AI e sviluppo sostenibile: le opportunità e i rischi

L’intelligenza artificiale ha il potenziale per accelerare il raggiungimento degli Obiettivi per lo sviluppo sostenibile fissati dall’Onu, ma presenta anche rischi legati alle diverse componenti della sostenibilità.

Sostenibilità e intelligenza artificiale sono due delle espressioni più utilizzate negli ultimi anni, specie in ambito aziendale. Da quando l’AI – soprattutto l’AI generativa – è diventata mainstream, dopo il rilascio della prima versione di ChatGPT, si susseguono discussioni, articoli e libri sull’impatto ambientale dell’intelligenza artificiale.

Il tema viene ricondotto specialmente nei termini della crescente domanda di energia necessaria per il suo funzionamento, e delle crescenti emissioni inquinanti nell’atmosfera a causa dell’addestramento di modelli sempre più evoluti di questa tecnologia, il cui utilizzo è sempre più diffuso.  

Che i vari modelli di AI abbiano un peso ecologico crescente è innegabile, anche se è tuttora difficile stimarlo con esattezza. L’aspetto ambientale è però solo una parte della questione: l’impatto dell’AI si riflette infatti anche sulle altre dimensioni della sostenibilità, a livello sociale, economico e di governance.

Non si tratta solo di impatti negativi: il recente report delle Nazioni unite Governing AI for humanity e altri studi sottolineano il ruolo cruciale che l’intelligenza artificiale potrebbe avere nel raggiungere più velocemente i 17 obiettivi per lo sviluppo sostenibile (Sustainable development goal) definiti il 25 settembre 2015 durante l’Assemblea Generale delle Nazioni Unite, quando è stata adottata l’Agenda 2030 per lo sviluppo sostenibile.

Per tutti questi motivi, riteniamo che il tema del rapporto tra AI e sostenibilità non si possa esaurire nel chiedersi se l’AI sia sostenibile oppure no, ma debba essere trattato nelle sue diverse sfaccettature. In questo articolo proviamo dunque a chiarire quale sia l’impatto dell’AI in termini ambientali, ma anche quali siano i rischi e le opportunità che l’AI presenta relativamente alle altre dimensioni della sostenibilità, a livello sociale, economico e di governance.

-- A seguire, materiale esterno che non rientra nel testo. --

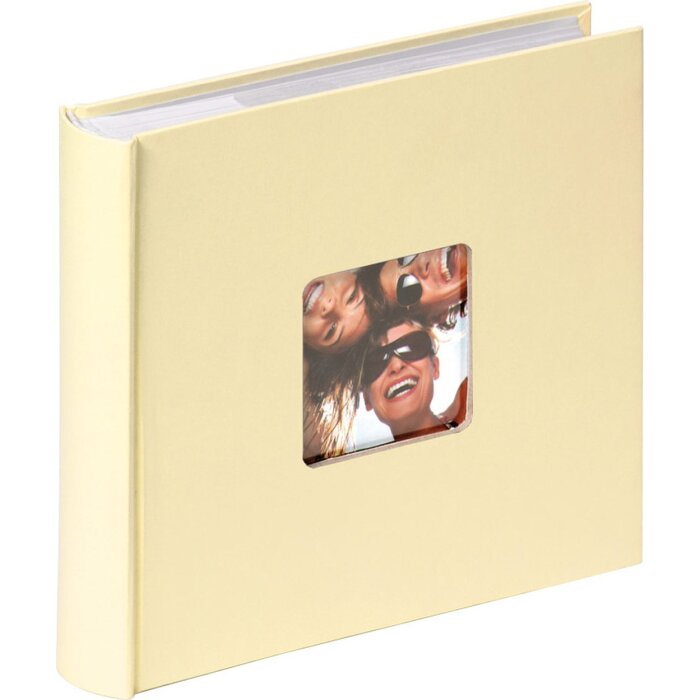 Album Fun 200 foto 13x18 cm crema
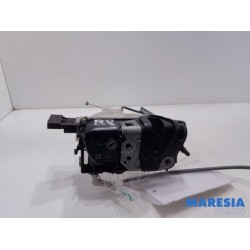 Citroen - C3 - Front door lock mechanism 4-door, right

L’impatto ambientale dell’intelligenza artificiale

Alcuni anni fa, il documentarista e saggista francese Guillaume Pitron ha messo in guardia l’umanità sui rischi legati all’inquinamento digitale: Internet, i data center, il cloud, i social network, lungi dall’immaterialità che suggeriscono ai loro utilizzatori, hanno un crescente impatto ambientale. Il libro di Pitron, dall’emblematico titolo Inferno digitale. Perché internet, smartphone e social network stanno distruggendo il nostro pianeta, è uscito nel 2021 ed è dunque antecedente all’esplosione del dibattito, e dell’utilizzo, dell’AI generativa.

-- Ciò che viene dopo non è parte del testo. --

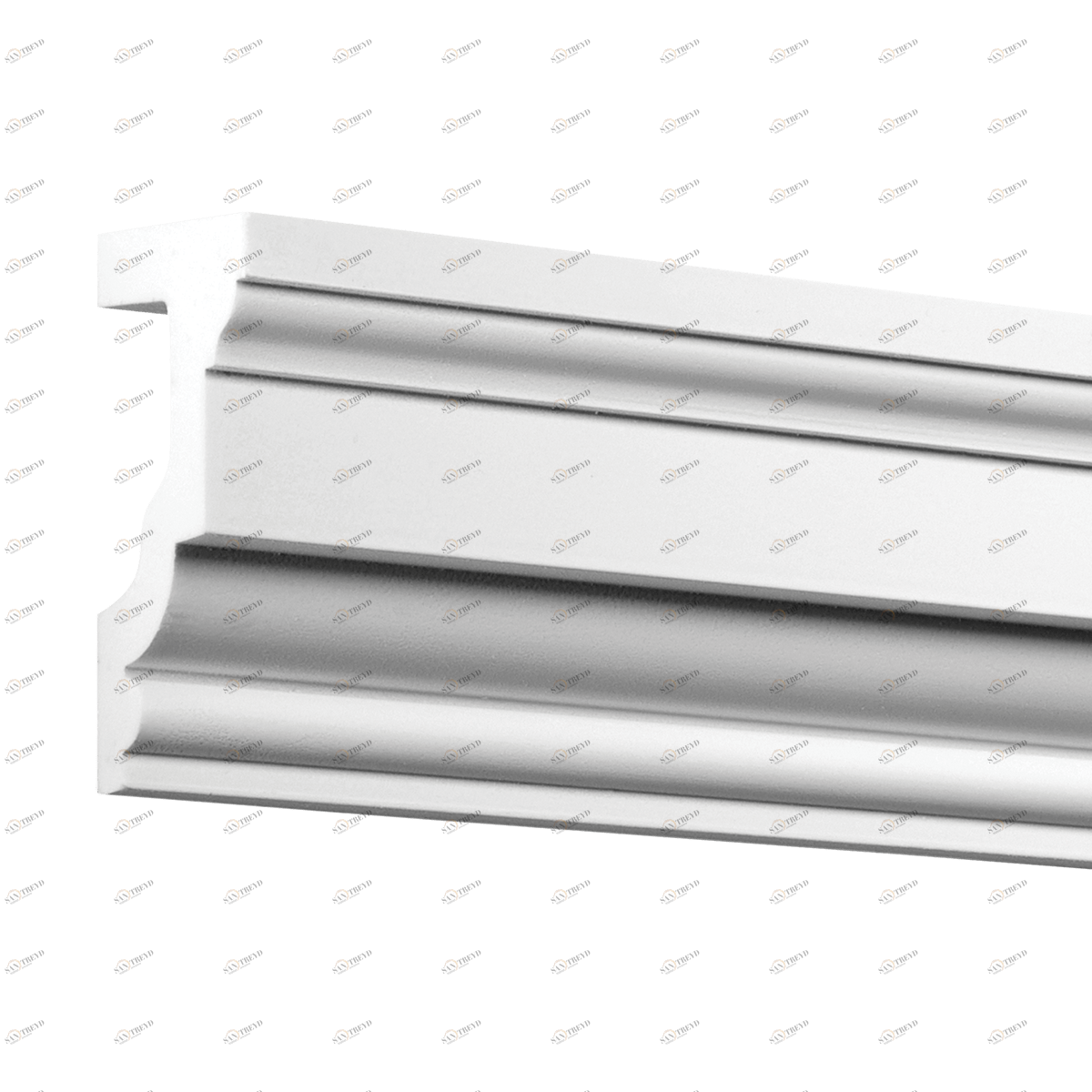 ЕВРОПЛАСТ 4.82.202 Подоконный элемент 4.82.202 Пенополиуретан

Pitron, parafrasando un famoso volume di Umberto Eco, può essere considerato un apocalittico. Tuttavia il suo libro è importante, anche perché invita a riflettere sugli impatti ambientali delle tecnologie digitali allargando la prospettiva oltre le emissioni:

“Tendiamo a guardare solo alle emissioni di CO2 per apprezzare i nostri comportamenti ecologici – ha dichiarato Pitron in un’intervista al quotidiano La Repubblica -. Ma non dobbiamo dimenticare che anche gli impatti sul suolo, sulle acque, sugli oceani e l’esaurimento delle risorse derivanti dall’intensità materiale delle tecnologie digitali sono colossali e devono essere presi in considerazione se vogliamo lasciare un pianeta sostenibile alle generazioni future”.

Emissioni in crescita e aumento della domanda di energia sono comunque due tra gli aspetti più evidenti dell’impatto ambientale dell’intelligenza artificiale. Alcune recenti scelte e i dati che provengono dalle Big tech sembrano confermarlo. Microsoft, ad esempio, ha recentemente annunciato un accordo con Constellation Energy per riaccendere la centrale nucleare di Three Mile Island in Pennsylvania, teatro nel 1979 del più grave incidente nucleare sul suolo degli Stati Uniti.

Anche Oracle, secondo il suo co-fondatore e presidente, Larry Ellison, sta pensando di sviluppare tre piccoli reattori nucleari modulari per alimentare un data center di nuova generazione. Il ricorso al nucleare è una tendenza che le big tech stanno seguendo per risolvere il problema delle crescenti emissioni dovute a data center sempre più grandi e performanti, che a loro volta sono necessari per addestrare modelli sempre più evoluti di intelligenza artificiale e per rispondere alla diffusione sempre maggiore di queste tecnologie nel mondo.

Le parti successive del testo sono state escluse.